#### Task statement
Copy out exactly the line that contains "твердый Болотное" and all lines following it to the end of the data.

#### Saved data entries
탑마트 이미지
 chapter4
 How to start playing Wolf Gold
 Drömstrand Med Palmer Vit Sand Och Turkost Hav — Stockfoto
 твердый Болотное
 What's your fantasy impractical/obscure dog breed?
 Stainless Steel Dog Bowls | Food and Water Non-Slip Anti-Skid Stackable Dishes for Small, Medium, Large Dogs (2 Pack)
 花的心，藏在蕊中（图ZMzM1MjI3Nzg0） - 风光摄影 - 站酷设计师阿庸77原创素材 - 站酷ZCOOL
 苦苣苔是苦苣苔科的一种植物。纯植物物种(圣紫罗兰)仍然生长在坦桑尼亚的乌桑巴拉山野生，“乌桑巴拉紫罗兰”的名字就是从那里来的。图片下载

#### Solution to the exercise
 твердый Болотное
 What's your fantasy impractical/obscure dog breed?
 Stainless Steel Dog Bowls | Food and Water Non-Slip Anti-Skid Stackable Dishes for Small, Medium, Large Dogs (2 Pack)
 花的心，藏在蕊中（图ZMzM1MjI3Nzg0） - 风光摄影 - 站酷设计师阿庸77原创素材 - 站酷ZCOOL
 苦苣苔是苦苣苔科的一种植物。纯植物物种(圣紫罗兰)仍然生长在坦桑尼亚的乌桑巴拉山野生，“乌桑巴拉紫罗兰”的名字就是从那里来的。图片下载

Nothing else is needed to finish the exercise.